Sunday, November 25, 2007

C is for Correlation

IV. Theme and Expected Emotional Response to Psalm 118

I’ve Got the Joy, Joy, Joy, Joy Down in My Heart Tuesday!

On the surface, Psalm 118 stands out as a thanksgiving hymn wherein the speaker is saved from great danger and brought to a place of peace inside the gates of God. The thanksgiving within the psalm is certainly the driving force behind the genre of the psalm as well as much of the content, but the true theme of the psalm reflects God’s nature instead of the act of giving thanks to God. Psalms function to remind readers and singers and musicians about God’s character in such a way that invokes a deeply felt inward emotion that then brings about the outward response of praise and thanksgiving. The theme of Psalm 118 then focuses on the quality of God’s love for His people. The theme of Psalm 118 is shown in the repeated refrain “His faithful love endures forever,” and the emotional response this divine characteristic summons is a feeling of joy that then bursts forth in praise and thanks to God.
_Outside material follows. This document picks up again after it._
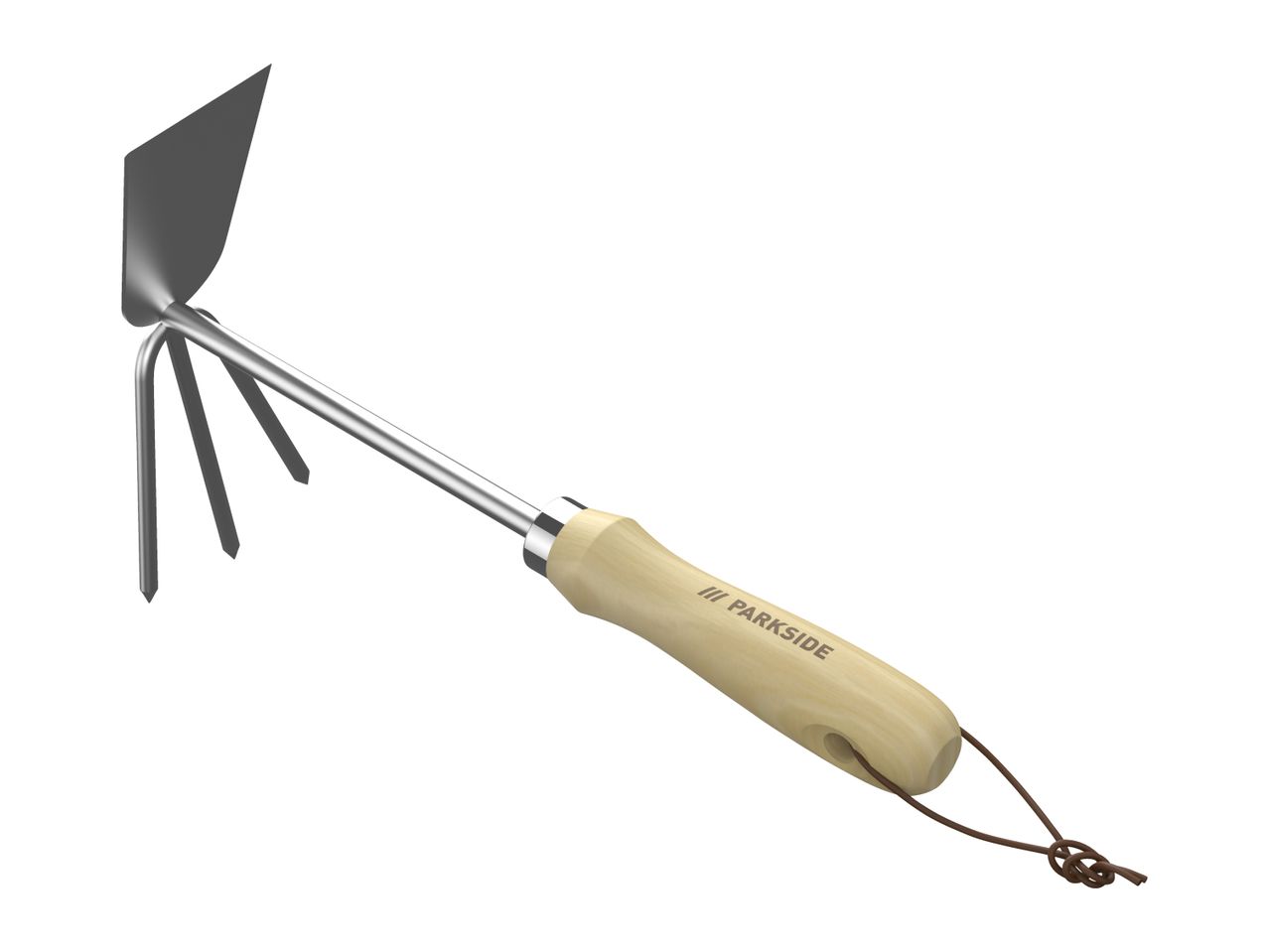 A garden hoe with a wooden handle and a metal head featuring a flat blade and three prongs.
The refrain “His faithful love endures forever” envelopes the psalm, opening and closing the lyrics. The refrain identifies the main theme that is developed through the recounting of how God saves the speaker of the psalm in the middle section of the psalm. The “Lord” places the speaker in a “spacious place” (v 5), which intones a place of safety and refreshing. The Lord then is compared to a “helper” (v 7) and to the idea of “refuge” (vv 8, 9). As such, the Lord becomes the speaker’s strength, song, and salvation (v 14) from the nations that surrounded him/her (v 10). The idea that the speaker’s enemy was “the nations” also implies that though the speaker in the psalm is predominately singular, the speaker more than likely represents his/her family, tribe, or the nation of Israel. This may help explain why the speaker switches from first person to third person pronouns in verses 23 through 27; the speaker begins to say things like “let us rejoice and be glad in it” and “The Lord is good and has given us light” (vv 24, 27 italics mine). Further, there is a chorus of “shouts of joy and victory in the tents of the righteous” (v 15), which reinforces the corporate aspect of Psalm 118. The words “rejoice” and “glad” and the phrase “shouts of joy and victory” indicate the kind of emotion involved in singing/reading this psalm aloud; the readers/singers of this psalm are to be filled with an overwhelming sense of joy. The content of the psalm suggests that it functions to aid a number of worshippers in thanking and praising God for His “faithful love.” All of the praising and thanking emphasizes the theme that God’s people should give thanks to God as their reaction to His “faithful love [enduring] forever.”

One of our modern thanksgiving hymns, written by Chris Tomlin, takes its theme from Psalm 118. Chris Tomlin’s song has been pumped through Christian radio and featured by worship leaders across the world. The opening lyrics are, “Give thanks to the Lord, our God and King, His love endures forever.” Driven by an upbeat bass line and intense percussion crescendos, Chris Tomlin’s song serves the function of uplifting the spirits of modern day worshippers by reminding them that God’s goodness is “above all things” and that this eternal quality is available to God’s people in their time of need. It is no surprise then that the psalm from which Tomlin derived his modern hymn of thanksgiving functioned to create the same uplifting effect thousands of years ago to Israelites worshipping in the temple of God. Seeing how Chris Tomlin’s refrains are used in the church today serves to underscore the original purpose, function, theme, and emotional response engendered originally by Psalm 118. The theme is God’s “love endures forever.” The expected emotional response is to be uplifted by emotions of joy into such a state as to posit the human heart in a posture of external thanksgiving and praise.